The other thought that came to me as I was listening to Analogy was anachronistic as I thought of The Red Masque during the dark, gloomy, and some times funereal, "Dark Reflections" as well during the equally dark and gloomy "Pan-Am Flight 249" -- whether this song is in response to some specific incident around the time, I don't know. I did "Google" it, but found only references to the track in the tracklisting of various reviews of this album. This comparison was not just in the vocals of Jutta Neinhaus, which are richly ethereal and lilting, but rather in the whole vibe of each piece.
Another of the album's highlights is "Weeping May Endure" which, aside from some brief lilting vocals from Nienhaus, is an instrumental with Thurn's guitars leading the way. Here, too, Pankoff's organ gets a moment in the spotlight.
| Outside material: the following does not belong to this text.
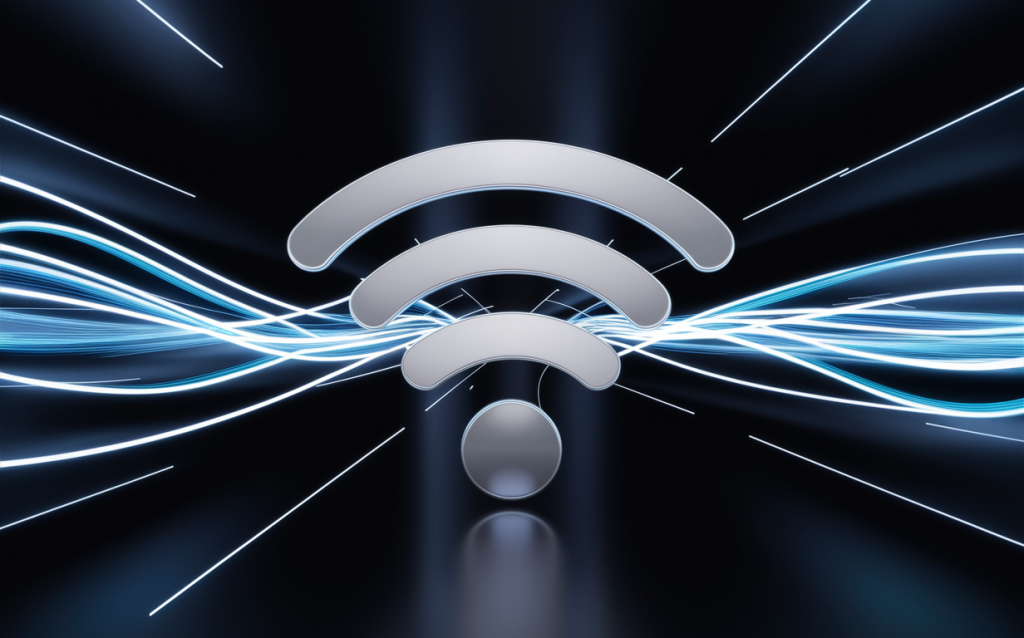 В Псковской-области-появилась-карта-бесплатного-wi-fi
Once you "get past" finding some of vocals "flower child" like -- but pleasant to the ear -- and so very much of the 70s, you realize that the band combined all their respective talents to create a solidly good album. Produced by Aldo Pagani, who permitted the band only two recording days (all he was willing to invest), the album seems far from hurried or rushed. It's easy to see why this gem in it's original vinyl version is a sought-after item, potentially fetching US$1500.